**Task prompt**
Below are records; reproduce exactly the lines from the first through the one containing "Tangled Couples Shirt: Rapunzel".

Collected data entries
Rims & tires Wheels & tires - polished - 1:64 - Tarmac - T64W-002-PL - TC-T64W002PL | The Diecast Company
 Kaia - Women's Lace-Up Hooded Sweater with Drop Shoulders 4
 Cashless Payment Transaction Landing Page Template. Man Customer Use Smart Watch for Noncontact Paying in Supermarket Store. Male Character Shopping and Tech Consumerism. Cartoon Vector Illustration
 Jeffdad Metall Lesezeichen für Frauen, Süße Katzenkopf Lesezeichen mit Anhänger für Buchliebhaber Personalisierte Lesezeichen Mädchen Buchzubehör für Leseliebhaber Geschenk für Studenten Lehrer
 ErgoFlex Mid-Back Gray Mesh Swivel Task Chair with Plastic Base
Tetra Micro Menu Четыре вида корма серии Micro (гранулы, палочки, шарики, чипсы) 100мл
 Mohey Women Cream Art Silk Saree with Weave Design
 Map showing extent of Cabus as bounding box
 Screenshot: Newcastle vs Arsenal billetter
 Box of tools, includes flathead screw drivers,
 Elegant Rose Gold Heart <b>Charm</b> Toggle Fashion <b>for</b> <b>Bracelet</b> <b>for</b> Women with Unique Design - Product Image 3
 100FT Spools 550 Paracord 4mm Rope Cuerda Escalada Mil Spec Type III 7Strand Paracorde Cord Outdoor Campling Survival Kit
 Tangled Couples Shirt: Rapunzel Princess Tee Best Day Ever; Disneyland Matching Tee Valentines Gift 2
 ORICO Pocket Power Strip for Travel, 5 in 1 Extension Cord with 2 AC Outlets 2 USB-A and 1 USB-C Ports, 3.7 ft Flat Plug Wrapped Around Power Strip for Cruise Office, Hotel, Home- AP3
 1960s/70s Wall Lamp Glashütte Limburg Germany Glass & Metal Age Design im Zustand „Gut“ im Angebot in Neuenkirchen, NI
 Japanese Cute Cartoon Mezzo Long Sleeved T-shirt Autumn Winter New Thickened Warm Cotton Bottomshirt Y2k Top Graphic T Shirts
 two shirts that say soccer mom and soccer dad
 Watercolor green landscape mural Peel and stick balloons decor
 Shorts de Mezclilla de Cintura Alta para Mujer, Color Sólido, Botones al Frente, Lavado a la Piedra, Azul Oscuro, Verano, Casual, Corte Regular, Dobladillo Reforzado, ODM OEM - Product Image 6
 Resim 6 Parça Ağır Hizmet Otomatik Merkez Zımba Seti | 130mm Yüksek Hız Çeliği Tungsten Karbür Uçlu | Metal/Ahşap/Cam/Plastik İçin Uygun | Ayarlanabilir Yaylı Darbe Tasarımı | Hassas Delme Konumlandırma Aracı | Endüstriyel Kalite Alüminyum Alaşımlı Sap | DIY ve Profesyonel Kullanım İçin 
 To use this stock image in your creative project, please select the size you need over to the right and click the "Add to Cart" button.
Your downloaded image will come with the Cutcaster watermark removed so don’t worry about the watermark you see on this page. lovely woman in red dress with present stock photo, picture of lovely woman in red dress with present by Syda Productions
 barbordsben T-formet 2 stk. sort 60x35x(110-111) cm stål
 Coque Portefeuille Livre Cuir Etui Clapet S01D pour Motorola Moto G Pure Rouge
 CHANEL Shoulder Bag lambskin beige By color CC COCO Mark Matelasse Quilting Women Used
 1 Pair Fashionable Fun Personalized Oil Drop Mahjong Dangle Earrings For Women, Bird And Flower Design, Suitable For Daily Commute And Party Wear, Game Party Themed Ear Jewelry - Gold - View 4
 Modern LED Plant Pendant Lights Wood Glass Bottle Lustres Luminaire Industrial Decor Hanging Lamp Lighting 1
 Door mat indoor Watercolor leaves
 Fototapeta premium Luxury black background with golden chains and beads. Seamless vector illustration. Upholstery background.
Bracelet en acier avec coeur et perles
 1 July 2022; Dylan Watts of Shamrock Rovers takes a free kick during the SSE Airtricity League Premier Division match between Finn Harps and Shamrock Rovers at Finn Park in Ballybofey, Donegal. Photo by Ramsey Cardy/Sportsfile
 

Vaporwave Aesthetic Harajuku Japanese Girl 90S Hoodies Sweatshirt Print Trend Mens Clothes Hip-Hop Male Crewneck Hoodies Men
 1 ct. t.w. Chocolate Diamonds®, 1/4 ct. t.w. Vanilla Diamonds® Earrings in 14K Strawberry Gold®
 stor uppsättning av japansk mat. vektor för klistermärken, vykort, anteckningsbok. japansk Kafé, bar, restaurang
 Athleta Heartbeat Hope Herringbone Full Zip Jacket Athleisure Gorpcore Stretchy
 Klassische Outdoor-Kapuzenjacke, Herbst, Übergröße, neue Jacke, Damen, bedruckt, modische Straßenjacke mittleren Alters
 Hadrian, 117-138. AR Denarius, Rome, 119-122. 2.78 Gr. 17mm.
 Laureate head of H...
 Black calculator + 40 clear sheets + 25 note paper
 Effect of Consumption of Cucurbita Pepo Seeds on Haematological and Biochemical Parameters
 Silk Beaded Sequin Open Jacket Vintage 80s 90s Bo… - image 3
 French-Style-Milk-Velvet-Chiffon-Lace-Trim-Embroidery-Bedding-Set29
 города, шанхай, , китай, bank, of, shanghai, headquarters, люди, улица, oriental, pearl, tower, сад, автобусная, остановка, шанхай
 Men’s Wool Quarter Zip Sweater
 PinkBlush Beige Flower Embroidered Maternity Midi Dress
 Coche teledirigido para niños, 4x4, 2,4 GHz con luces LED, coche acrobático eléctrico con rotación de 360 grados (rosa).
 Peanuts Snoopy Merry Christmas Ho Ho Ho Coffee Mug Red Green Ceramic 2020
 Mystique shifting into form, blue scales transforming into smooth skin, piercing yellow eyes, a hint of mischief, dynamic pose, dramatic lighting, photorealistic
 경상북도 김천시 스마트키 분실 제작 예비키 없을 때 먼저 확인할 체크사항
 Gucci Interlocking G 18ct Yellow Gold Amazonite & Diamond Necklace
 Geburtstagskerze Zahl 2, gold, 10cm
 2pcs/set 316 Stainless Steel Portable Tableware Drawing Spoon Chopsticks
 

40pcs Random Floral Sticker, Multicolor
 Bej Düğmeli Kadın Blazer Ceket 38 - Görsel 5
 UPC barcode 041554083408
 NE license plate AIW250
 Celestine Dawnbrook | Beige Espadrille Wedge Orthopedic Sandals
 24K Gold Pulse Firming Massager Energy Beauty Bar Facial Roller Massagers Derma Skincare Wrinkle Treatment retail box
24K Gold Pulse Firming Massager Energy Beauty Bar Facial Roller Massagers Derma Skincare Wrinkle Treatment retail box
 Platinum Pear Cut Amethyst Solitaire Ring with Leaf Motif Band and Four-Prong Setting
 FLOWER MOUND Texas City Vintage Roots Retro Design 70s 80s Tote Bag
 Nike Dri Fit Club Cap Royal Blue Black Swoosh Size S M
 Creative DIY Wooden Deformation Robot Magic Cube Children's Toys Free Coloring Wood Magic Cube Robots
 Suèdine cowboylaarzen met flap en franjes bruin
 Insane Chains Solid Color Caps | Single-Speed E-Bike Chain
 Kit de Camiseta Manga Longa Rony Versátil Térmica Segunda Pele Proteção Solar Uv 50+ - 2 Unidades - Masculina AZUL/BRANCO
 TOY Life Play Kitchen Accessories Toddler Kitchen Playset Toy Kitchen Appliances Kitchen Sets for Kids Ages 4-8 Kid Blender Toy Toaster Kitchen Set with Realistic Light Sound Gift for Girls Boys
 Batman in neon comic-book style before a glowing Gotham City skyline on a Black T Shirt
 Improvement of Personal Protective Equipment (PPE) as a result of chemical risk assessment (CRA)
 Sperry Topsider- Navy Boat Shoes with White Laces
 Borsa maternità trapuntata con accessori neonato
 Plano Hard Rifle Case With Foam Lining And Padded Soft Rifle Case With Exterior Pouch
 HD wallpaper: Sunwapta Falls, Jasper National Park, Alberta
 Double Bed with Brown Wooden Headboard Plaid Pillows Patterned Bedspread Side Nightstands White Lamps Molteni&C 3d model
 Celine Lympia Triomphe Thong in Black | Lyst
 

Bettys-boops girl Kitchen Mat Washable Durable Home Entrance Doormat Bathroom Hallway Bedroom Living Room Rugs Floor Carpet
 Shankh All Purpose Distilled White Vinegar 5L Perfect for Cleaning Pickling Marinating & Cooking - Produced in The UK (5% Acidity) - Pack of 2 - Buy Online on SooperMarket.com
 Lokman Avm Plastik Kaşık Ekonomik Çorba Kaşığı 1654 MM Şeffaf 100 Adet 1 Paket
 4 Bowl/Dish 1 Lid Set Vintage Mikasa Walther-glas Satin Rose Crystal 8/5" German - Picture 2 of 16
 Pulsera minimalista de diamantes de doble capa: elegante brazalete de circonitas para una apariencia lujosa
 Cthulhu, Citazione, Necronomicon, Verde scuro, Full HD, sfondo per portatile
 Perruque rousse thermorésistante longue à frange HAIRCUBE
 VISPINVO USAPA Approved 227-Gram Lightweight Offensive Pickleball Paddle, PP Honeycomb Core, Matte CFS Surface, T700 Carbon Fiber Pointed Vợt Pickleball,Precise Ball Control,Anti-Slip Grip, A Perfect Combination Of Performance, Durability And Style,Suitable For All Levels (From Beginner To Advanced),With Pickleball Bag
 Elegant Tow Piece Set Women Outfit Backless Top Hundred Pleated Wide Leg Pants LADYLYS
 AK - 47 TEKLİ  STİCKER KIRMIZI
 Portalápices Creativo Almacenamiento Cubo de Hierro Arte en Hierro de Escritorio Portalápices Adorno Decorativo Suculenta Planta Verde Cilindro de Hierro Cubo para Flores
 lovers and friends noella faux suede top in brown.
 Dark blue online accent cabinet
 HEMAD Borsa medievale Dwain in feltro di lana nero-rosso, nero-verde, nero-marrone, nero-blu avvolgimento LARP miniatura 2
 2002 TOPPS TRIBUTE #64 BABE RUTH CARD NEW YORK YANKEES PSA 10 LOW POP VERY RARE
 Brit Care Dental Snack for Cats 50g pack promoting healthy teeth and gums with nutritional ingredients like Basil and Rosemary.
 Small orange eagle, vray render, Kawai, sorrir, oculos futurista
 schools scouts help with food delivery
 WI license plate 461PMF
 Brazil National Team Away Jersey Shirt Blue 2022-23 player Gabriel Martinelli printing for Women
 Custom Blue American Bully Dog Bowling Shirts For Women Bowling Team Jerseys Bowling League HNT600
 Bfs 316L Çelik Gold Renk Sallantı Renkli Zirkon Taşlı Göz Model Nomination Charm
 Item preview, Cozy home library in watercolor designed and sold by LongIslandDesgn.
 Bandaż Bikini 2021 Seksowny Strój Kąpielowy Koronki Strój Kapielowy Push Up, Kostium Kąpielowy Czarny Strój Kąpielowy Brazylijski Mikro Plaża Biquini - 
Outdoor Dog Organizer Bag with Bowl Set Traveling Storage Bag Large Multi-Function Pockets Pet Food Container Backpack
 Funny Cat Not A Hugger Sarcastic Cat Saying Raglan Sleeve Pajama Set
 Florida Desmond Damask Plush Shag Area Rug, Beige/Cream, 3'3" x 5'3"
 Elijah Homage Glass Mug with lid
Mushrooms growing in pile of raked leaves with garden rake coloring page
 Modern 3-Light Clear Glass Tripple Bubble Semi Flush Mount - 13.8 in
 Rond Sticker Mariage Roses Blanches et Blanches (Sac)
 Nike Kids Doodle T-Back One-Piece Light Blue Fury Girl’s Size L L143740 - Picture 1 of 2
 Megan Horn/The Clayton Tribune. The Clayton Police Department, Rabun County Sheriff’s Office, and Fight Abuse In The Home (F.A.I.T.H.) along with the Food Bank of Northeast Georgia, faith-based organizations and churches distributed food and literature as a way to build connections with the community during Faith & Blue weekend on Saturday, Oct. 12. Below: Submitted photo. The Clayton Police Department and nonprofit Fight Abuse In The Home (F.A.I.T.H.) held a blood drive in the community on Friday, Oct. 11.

**Response area**
Rims & tires Wheels & tires - polished - 1:64 - Tarmac - T64W-002-PL - TC-T64W002PL | The Diecast Company
 Kaia - Women's Lace-Up Hooded Sweater with Drop Shoulders 4
 Cashless Payment Transaction Landing Page Template. Man Customer Use Smart Watch for Noncontact Paying in Supermarket Store. Male Character Shopping and Tech Consumerism. Cartoon Vector Illustration
 Jeffdad Metall Lesezeichen für Frauen, Süße Katzenkopf Lesezeichen mit Anhänger für Buchliebhaber Personalisierte Lesezeichen Mädchen Buchzubehör für Leseliebhaber Geschenk für Studenten Lehrer
 ErgoFlex Mid-Back Gray Mesh Swivel Task Chair with Plastic Base
Tetra Micro Menu Четыре вида корма серии Micro (гранулы, палочки, шарики, чипсы) 100мл
 Mohey Women Cream Art Silk Saree with Weave Design
 Map showing extent of Cabus as bounding box
 Screenshot: Newcastle vs Arsenal billetter
 Box of tools, includes flathead screw drivers,
 Elegant Rose Gold Heart <b>Charm</b> Toggle Fashion <b>for</b> <b>Bracelet</b> <b>for</b> Women with Unique Design - Product Image 3
 100FT Spools 550 Paracord 4mm Rope Cuerda Escalada Mil Spec Type III 7Strand Paracorde Cord Outdoor Campling Survival Kit
 Tangled Couples Shirt: Rapunzel Princess Tee Best Day Ever; Disneyland Matching Tee Valentines Gift 2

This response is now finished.